É um sistema equilibrado financeiramente. Os constituintes quando estabeleceram esse sistema estabeleceram também as fontes de financiamento.
E qual caminho deve ser seguido?
Temos que retomar urgentemente a reforma tributária. O país tem uma estrutura tributária altamente regressiva, onde quem mais paga impostos são os mais pobres e os ganhos de capital não são tributados, aquele que aplica na Bolsa são isentos, um dos poucos países do mundo onde isso ocorre. As grandes fortunas, as heranças têm tributação extremamente baixa. O andar de cima não contribui. O Imposto de Renda tem alíquotas de no máximo de 27,5%, sendo que há países que a contribuição chega a 40%. Temos que ter uma agenda de combate à sonegação e de formalização do mercado de trabalho.
É impressionante a capacidade que essas elites têm de cortar direitos e transferir para os trabalhadores a responsabilidade da crise do país. Os trabalhadores são vítimas e não responsáveis. E sempre voltam com a pauta arcaica escravocrata de redução do custo do trabalho, atrasada, regressiva, insustentável, em pleno século 21. Pensam a riqueza através do ganho rentista e do ganho com a redução do custo do trabalho. São aqueles que tentam de todas as formas preservar quem se envolve com o trabalho escravo. Que entram na Justiça para suspender a lista suja da divulgação do trabalho escravo.

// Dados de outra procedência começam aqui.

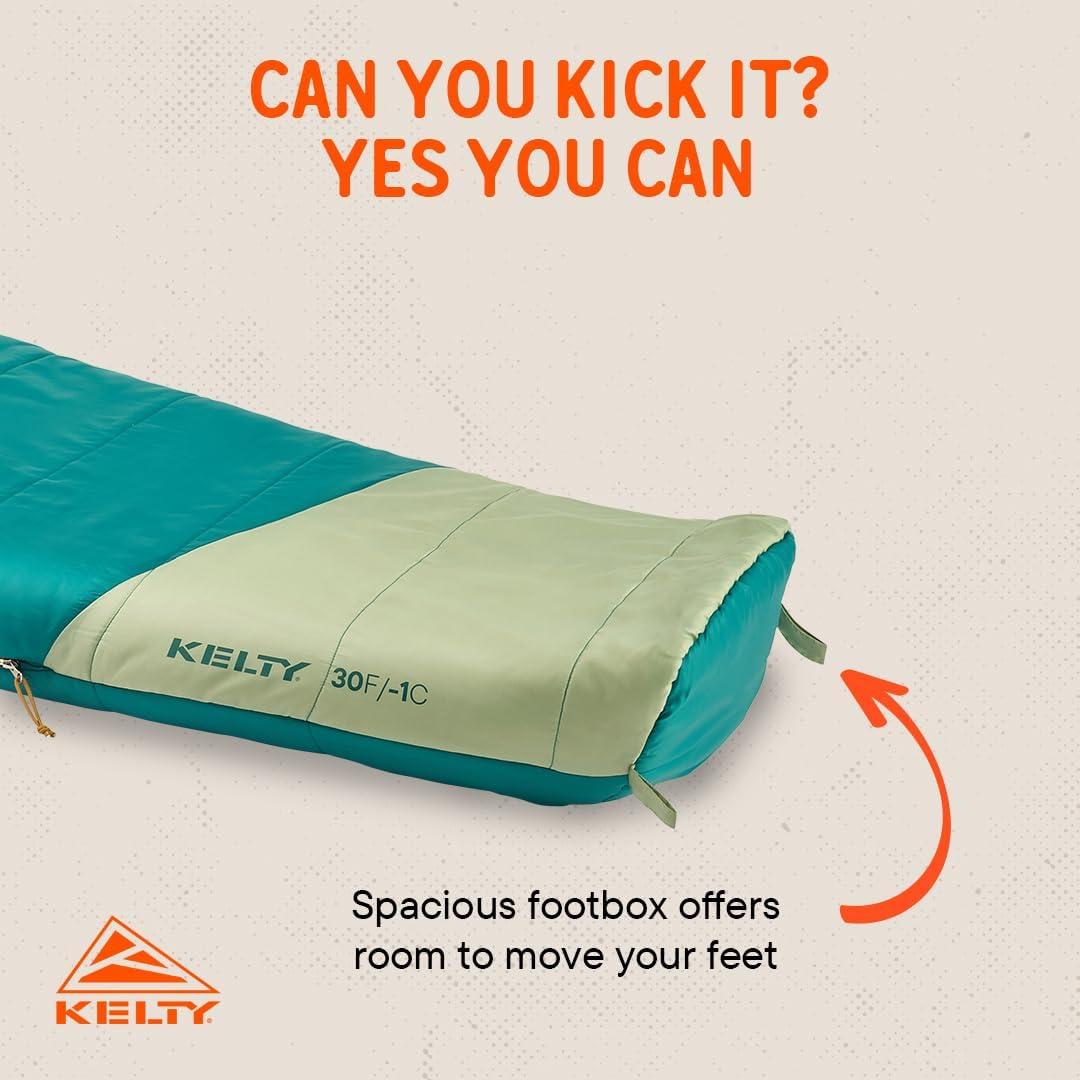 Saco de Dormir Kelty Mistral Niños 30°C Lago Profundo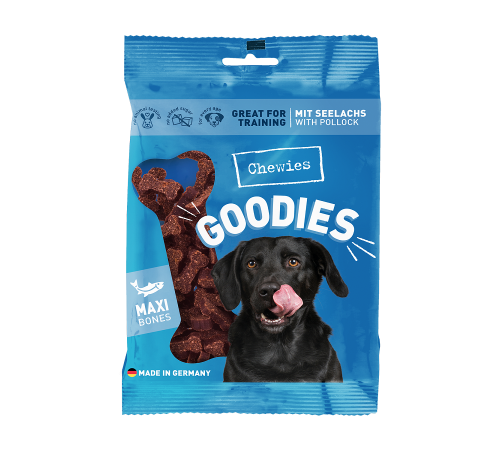 Лакомство для собак - Chewies Goodies Maxi mit Seelachs 200 g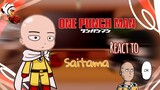 || OPM react to Saitama || {Part 1} || Gacha club || One Punch Man Reacts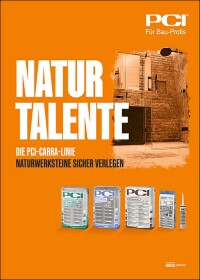 Neue PCI-Broschüre zur sicheren Verlegung von Naturwerksteinen innen und außen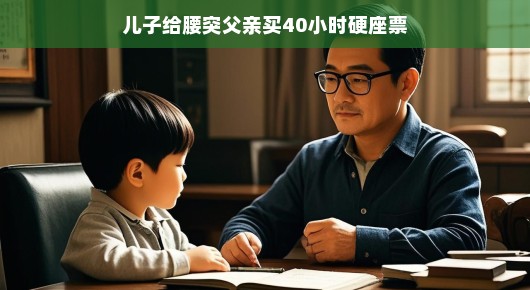 儿子为腰突父亲选购40小时硬座票背后的故事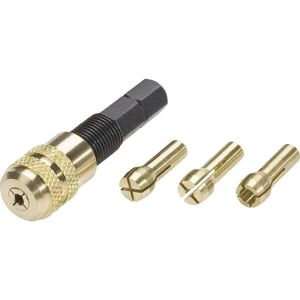 Donau Drill Chuck - Hex Key Set 4 Clamps - 0.3-3.2mm - Germany Donau Drill Chuck - Hex Key Set 4 Clamps - 0.3-3.2mm - Germany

Temos que continuar esse combate, e ter uma grande vitória para o país. Os debates que eu tenho feito em todo o Brasil demonstram que a medida que a sociedade se informa, ela se coloca contrária. Cresce o movimento de resistência. Nós estamos criando as condições para derrotar essas políticas. Temos que dar continuidade a essas agendas, de participação intensa nesses debates e estimular comitês municipais em todo o país em defesa da Previdência contra a reforma e em defesa dos direitos. Essa é a grande tarefa.